Rootless in Patagonia

(Toothless in Brooklyn)

by Frank Thomas Smith


In anyone over a certain age

certain questions arise unbidden.

Often they're dead statistically,

Life and health insurance aren't interested,

Credit cards keep their distance, preferring,

like Mephisto, rosy-cheeked lads and lassies.


Mephisto himself shuffles center-stage

left to right, light to gloom, ready to draw

and swipe his scythe at the moment ripe.


But, you'll say, the old are dead due to destiny,

human karma, something to be borne smilingly.

Karma includes birth and death, pure and simply.


Yeah, your Rev., but you at least have roots

In Cairo, Moscow, Milwaukee or Mongolia.

(“There are no cows in Moscvá” said Romanoff.)

(You'll find none in Brooklyn either, say I.)

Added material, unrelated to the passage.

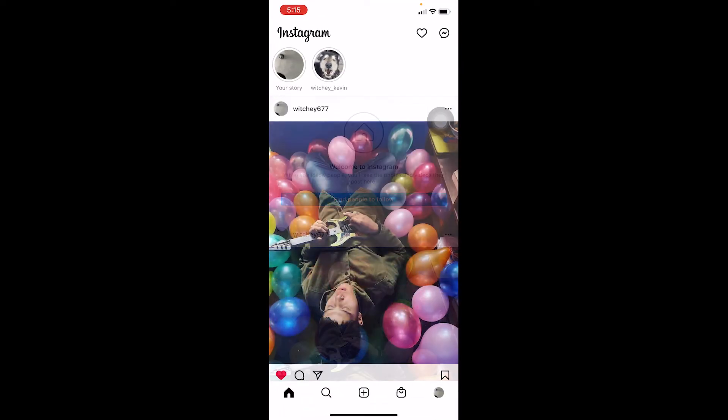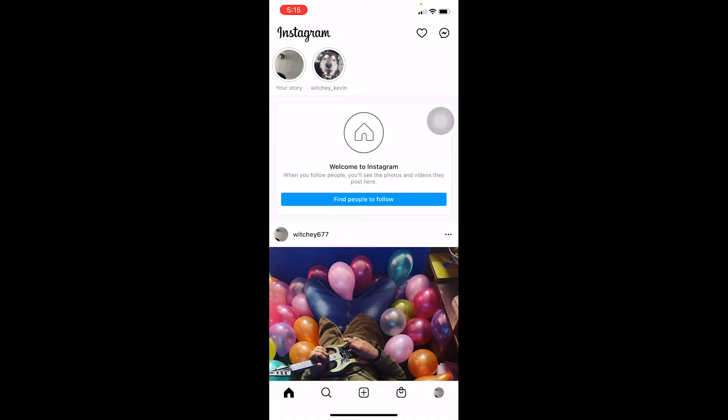Sometimes just close Instagram and open it again and upload the post again — it should work. Sometimes a bug causes this problem as well. So if your internet is fast and you close and reopen Instagram but it still didn't fix your problem, move on to the next step.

Patagonia cultivates no roots at all, even closing

its clay to Greek (Patagon) mythology.


Patagonia's Patagons are giants, pure and simply.

You'll find no roots in desert spines and cacti.


Patagonia is metaphor for the beginning-of-the-end,

Where all is sparse, unyielding, tough, half-dead, dying,

Seen-better-days, and years and decades and centuries.


The Brooklyn Bridge connects Patagonia to Patagonia.

Autos fly headlong to Manhattania,

Skulking back at dusk to Brooklynania;

Tourists skip across at noon to B-nania,

Sulking back in gloom to M-tania.

“Who else is dumb enough with open eyes to walk

from the pot to the fucking frying pan – and back?”


Someone said, and many thought but never said:

Birth is death; death is birth (go figure).

Let them come to Patagonia,

where birth is birth, death is death,

and ne'er the twain shall meet –

Except – when May meets December.


Then birth is death and death is birth,

Wherever the twain do meet,

Whenever the twain do tweet,

Rootless in Patagonia, (toothless in Brooklyn).